Und der Autor schafft es ganz hervorragend, das Elend und Leid der einfachen Bevölkerung zu schildern. Die Hauptfigur Wilhelm Tell hat schon als Kind böse Misshandlungen erleben müssen, die ihn für das restliche Leben geprägt haben. Der Tod seines Bruders kommt noch dazu, so kann er kaum Gefühle zeigen und ist ein tief in sich verschlossener Mann geworden. Keinesfalls eine lichte Heldenfigur, die für die Freiheit der Schweizer kämpft. Auch seine Frau lebt nicht aus Liebe mit ihm zusammen, die Umstände haben ihr keine Wahl gelassen, darunter leiden natürlich auch ihre Kinder.

Dagegen das Leben der Habsburger Landsknechte: je grausamer und gewalttätiger sie gegen die Bergbauern vorgehen können, desto mehr Spaß macht es ihnen. Ein Mord mehr oder weniger belastet sie nicht. Das liest sich wirklich schwer.

Der Autor lässt in diesem Buch die einzelnen Personen selbst erzählen und das erzeugt ein ganz eigenes Bild auf die einzelnen Menschen. Der Landvogt Gessler, sonst immer als böser Tyrann beschrieben, entpuppt sich hier als empfindsamer Mann, den es heim zu Frau und Tochter zieht und trotzdem immer weiter in den Strudel aus Gewalt und Gegenwehr gezogen wird und schlussendlich daran stirbt.

Ganz überraschend war für mich die Figur des Pfarrers Franz, den ein böses Geheimnis aus der Kindheit mit Wilhelm Tell verbindet.

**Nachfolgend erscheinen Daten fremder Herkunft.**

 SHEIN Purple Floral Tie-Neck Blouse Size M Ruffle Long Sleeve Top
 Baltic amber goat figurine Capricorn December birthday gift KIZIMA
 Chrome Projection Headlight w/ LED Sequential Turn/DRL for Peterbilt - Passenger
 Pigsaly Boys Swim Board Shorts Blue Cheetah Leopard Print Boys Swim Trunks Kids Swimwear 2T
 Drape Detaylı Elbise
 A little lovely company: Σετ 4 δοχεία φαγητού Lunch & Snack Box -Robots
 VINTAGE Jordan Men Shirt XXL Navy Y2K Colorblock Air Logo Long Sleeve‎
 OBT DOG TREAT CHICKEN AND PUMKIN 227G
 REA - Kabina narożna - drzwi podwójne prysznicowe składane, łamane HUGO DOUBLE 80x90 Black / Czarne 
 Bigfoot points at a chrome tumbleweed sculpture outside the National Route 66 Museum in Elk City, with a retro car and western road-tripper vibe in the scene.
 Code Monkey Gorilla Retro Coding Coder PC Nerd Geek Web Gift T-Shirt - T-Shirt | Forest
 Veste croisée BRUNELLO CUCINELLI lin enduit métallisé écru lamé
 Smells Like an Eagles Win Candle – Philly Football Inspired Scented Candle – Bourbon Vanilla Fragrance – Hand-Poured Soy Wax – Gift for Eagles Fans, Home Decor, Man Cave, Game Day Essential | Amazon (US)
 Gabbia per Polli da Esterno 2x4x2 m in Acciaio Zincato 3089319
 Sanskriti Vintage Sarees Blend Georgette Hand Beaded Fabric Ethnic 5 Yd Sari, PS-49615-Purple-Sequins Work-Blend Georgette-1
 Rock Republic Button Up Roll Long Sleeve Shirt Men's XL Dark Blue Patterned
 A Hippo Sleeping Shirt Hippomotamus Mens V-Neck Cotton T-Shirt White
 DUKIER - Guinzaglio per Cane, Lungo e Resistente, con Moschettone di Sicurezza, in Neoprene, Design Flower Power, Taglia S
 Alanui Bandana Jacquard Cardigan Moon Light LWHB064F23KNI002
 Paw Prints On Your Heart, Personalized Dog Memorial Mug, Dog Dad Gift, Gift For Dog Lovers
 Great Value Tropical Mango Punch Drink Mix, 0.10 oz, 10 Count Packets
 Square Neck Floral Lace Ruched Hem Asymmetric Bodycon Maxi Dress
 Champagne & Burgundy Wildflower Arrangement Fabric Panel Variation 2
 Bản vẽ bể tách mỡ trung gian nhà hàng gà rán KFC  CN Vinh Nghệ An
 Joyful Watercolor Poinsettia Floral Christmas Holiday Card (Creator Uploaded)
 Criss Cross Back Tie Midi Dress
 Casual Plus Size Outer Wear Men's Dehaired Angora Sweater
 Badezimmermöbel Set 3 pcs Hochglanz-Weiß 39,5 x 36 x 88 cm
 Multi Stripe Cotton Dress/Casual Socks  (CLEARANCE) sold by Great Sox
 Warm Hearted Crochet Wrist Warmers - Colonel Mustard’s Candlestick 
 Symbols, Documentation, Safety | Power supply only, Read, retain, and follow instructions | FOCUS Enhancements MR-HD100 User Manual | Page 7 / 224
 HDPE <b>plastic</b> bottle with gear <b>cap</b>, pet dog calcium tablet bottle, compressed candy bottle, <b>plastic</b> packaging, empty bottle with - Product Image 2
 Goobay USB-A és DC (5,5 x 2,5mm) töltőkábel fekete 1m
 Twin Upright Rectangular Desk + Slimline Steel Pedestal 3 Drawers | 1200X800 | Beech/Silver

Das Buch hat mir sehr gefallen, es bringt eine ganz eigene und ungewöhnliche Sichtweise auf die alte Geschichte und der Erzählfluss wird immer schneller und treibt geradezu auf das Finale hin. Unglaublich spannend, auch wenn die harten und brutalen Beschreibungen manchmal sehr schwer zu lesen sind. Dafür 5 Sterne.